Taurine Provence

Roy Campbell was a mid-twentieth-century poet whose reputation fell on hard times even before he died. According to the cover blurb of this book, Taurine Provence, it is his first prose work.

Provence is in southern France, and taurine refers to cattle cutlure. It is a book about bull-fighting and the culture of equestrianism and cattle raising in which Campbell lived during his stay in Provence.

The first copyright date is 1932, which would make it contemporary with Hemingway's Death in the Afternoon. I tried to read Death in the Afternoon several years ago but couldn't finish it. (I have never finished any Hemingway work, although I may try to re-visit Death now and force myself.) Unlike Hemingway, Campbell is more interested in the bullfighting of southern France than of Spain.

You didn't know the French also had bullfighting? Neither did I. According to Campbell, the French bulls are smaller, faster, and therefore more dangerous. My father says the same is true in Mexican bullfighting.

In Taurine Provence, Campbell takes a strong stand against many things modern (this was 1932). He has some strong words against "animal rights" and vegetarianism, but he clearly loves the animals he writes about and the culture of husbandry in the Camargue. He hates mechanization and its effect on people, but concedes that it is probably better for animals:
...it is better for such a fine animal [as the horse] that he should no longer be a drudge but a luxury--and let the machines do the work. Similarly with the bull. Modern science, the slave of puritanism, has a horror of the physical. Mr. Haldane shudders at the indecency of milking cows. He might prefer to prepare the maternal fluid by means of test-tubes, etc (and would probably prefer synthetic sirloins to the real article): whereas I would sooner take a bucket (unsterilized) and go into the field and milk the bloody thing myself and, as for sirloins, they suit me all right.
In addition to sirloin, he is a fan of rustic Provençal cooking:
After a course, or a ferrade on the Camargue, there is nothing to my mind so pleasant as to go up to the heights of Fos in the evening light with three or four fair companions and partake of that sacrament of friendship, a good Provencal meal. A bottle of Chateauneuf du Pape from whose black column the setting sun strikes one or two Aldebaran-like, crimson, starry sparks; green olives scented with fennel; silver bread; a poutarque or two cured by ourselves from our own fishing, that equals the roe of the sturgeon; and then the gigot of lamb that all its life never ate anything but rosemary fennel and thyme. We look over the Camarague and the Crau, where we see, peacefully grazing, the fighting cattle of Feraud and Raoux beyond the magnificent avenue of pines which escorts the road to Arles a mile upon its way across the Crau.

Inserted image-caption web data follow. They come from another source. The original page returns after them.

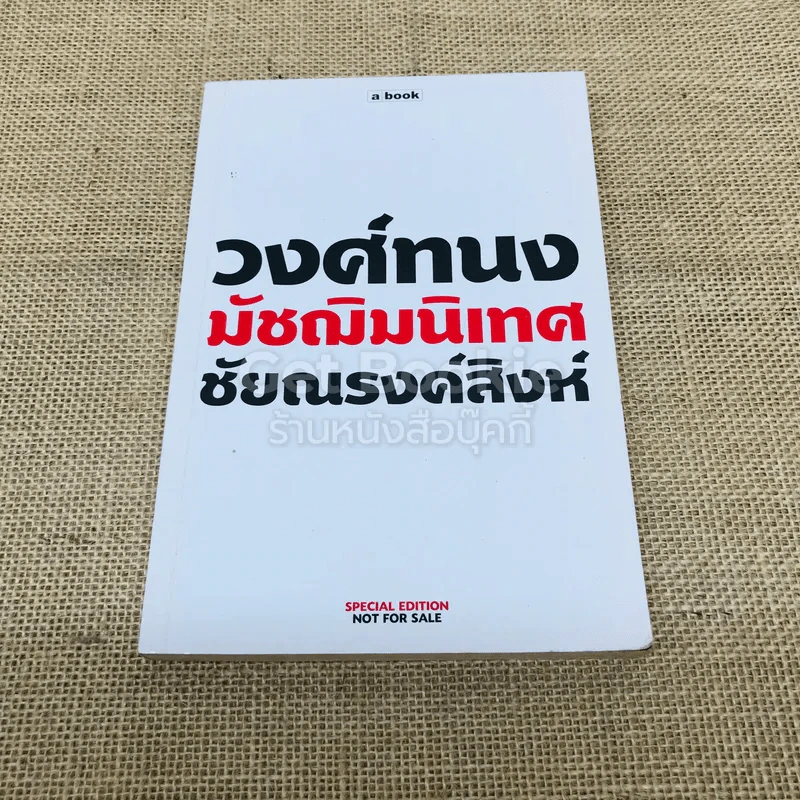 วงศ์ทนง มัชฌิมนิเทศ ชัยณรงค์สิงห์ รูปที่ 1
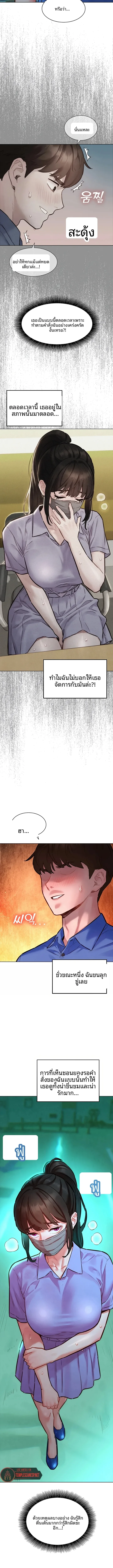 page-7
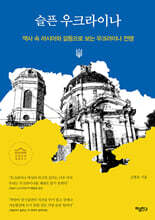 슬픈 우크라이나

The very short book is a fascimile. It was produced by someone as part of a series of works on traditional culture of the south of France. It isn't clear whether the book was originally in French or English. I think English, although the horrible punctuation in this edition is confusing. Some charming illustrations are not explained--by Campbell or not?

To the modern way of thinking, the bullfight is the worst possible use of an animal by man as the animal dies a slow death that does not serve any purpose sanctioned in modernity. Campbell is opposed to this way of thinking as well. He is aware of his opposition to utilitarianism, although he mostly writes against "big commerce." However, his mind seems to be on a horizon between the modern world we know and a pre-modern way of associating with nature that we don't recognize. Campbell is a little too much in the past to be fully aware of his difference with the world, and the value of Taurine Provence to those interested in old ways of living in nature is more to do with being presented an artifact than following a line of argument.